An experimental drug has shown promising results in extending the lifespan of middle-aged mice by 25%, leading scientists to believe it could have similar effects in humans if further research is conducted. The drug, an antibody called anti-IL-11, was administered to the mice when they were considered ‘middle-aged’ and resulted in a significant reduction in cancer-related deaths as well as a decrease in age-related diseases such as fibrosis, chronic inflammation, and poor metabolism.

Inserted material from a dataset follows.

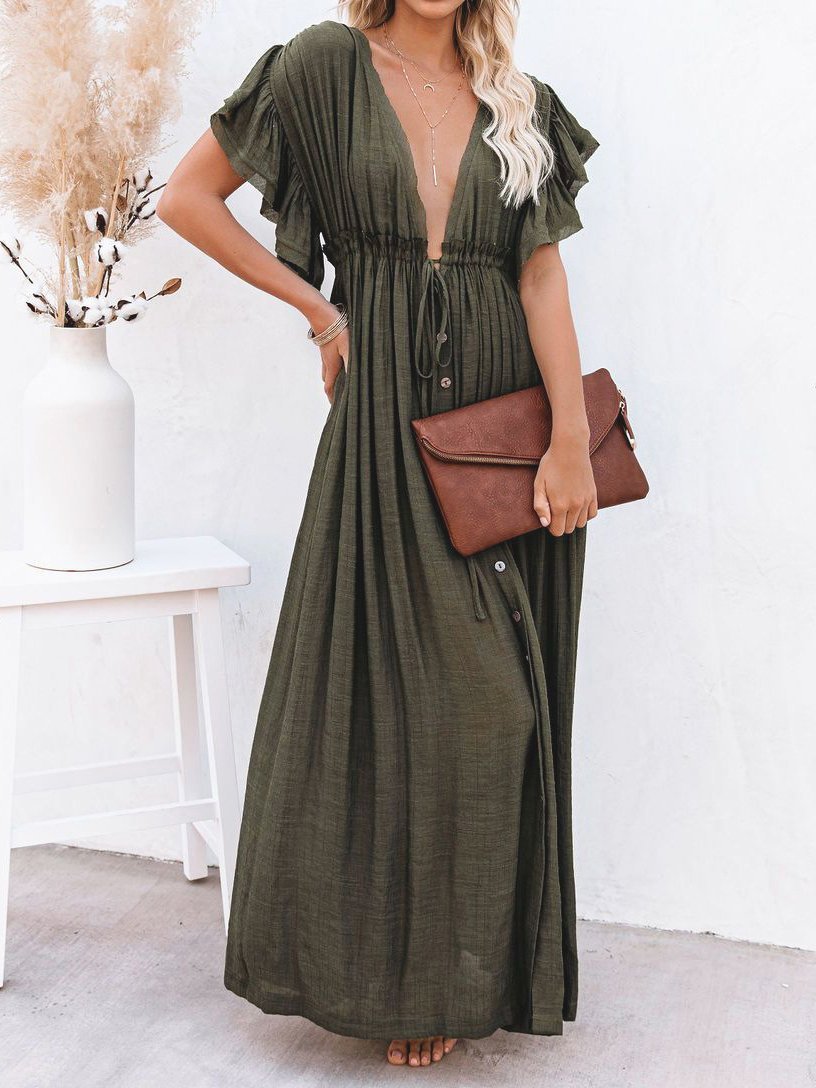Loose Solid Color Flared Sleeve Shirt Dress - Maxi Dresses - INS | Online Fashion Free Shipping Clothing, Dresses, Tops, Shoes - 01/06/2021 - Color_Black - Color_Green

Professor Stuart Cook, a senior scientist involved in the study, expressed excitement over the findings, emphasizing that the treated mice displayed signs of improved health, reduced muscle wasting, and increased muscle strength. Videos released by the researchers showcased the stark contrast between untreated mice, which showed signs of aging such as greying fur, hair loss, and weight gain, compared to the mice that received the antibody injection, which had glossy coats and were more active.
The researchers from the Medical Research Council Laboratory of Medical Science, Imperial College London, and Duke-NUS Medical School in Singapore conducted the study by administering the antibody injection to the mice at an equivalent age of 55 years in humans. The results published in the journal Nature revealed that the treated mice lived an average of 35 weeks longer than those not treated, with very few side effects observed.
The drug worked by blocking the action of the IL-11 protein, believed to contribute to the aging process in both mice and humans. Professor Cook highlighted that the gene activity of IL-11 increases with age in all tissues, leading to a range of age-related diseases and loss of bodily functions. Scientists have been exploring ways to slow down the aging process to enhance the overall health and quality of life of individuals, especially as they age.
While other life-extending interventions such as metformin and severe calorie restriction have shown promise in early studies, some experts remain cautious about the potential risks and costs associated with widespread treatment. Professor Ilaria Bellantuono from the University of Sheffield pointed out that more evidence is needed from patient trials to determine the safety and efficacy of these interventions, especially in identifying individuals who are at risk of frailty and would benefit the most.
In conclusion, the groundbreaking results of the experimental drug in extending the lifespan of mice offer a glimpse of hope for similar effects in humans. Further research and clinical trials are essential to validate these findings and explore the potential benefits of anti-IL-11 treatment in aging populations. While challenges remain in translating these interventions to patient care, the quest for enhancing healthy aging and longevity continues to drive scientific advancements in the field.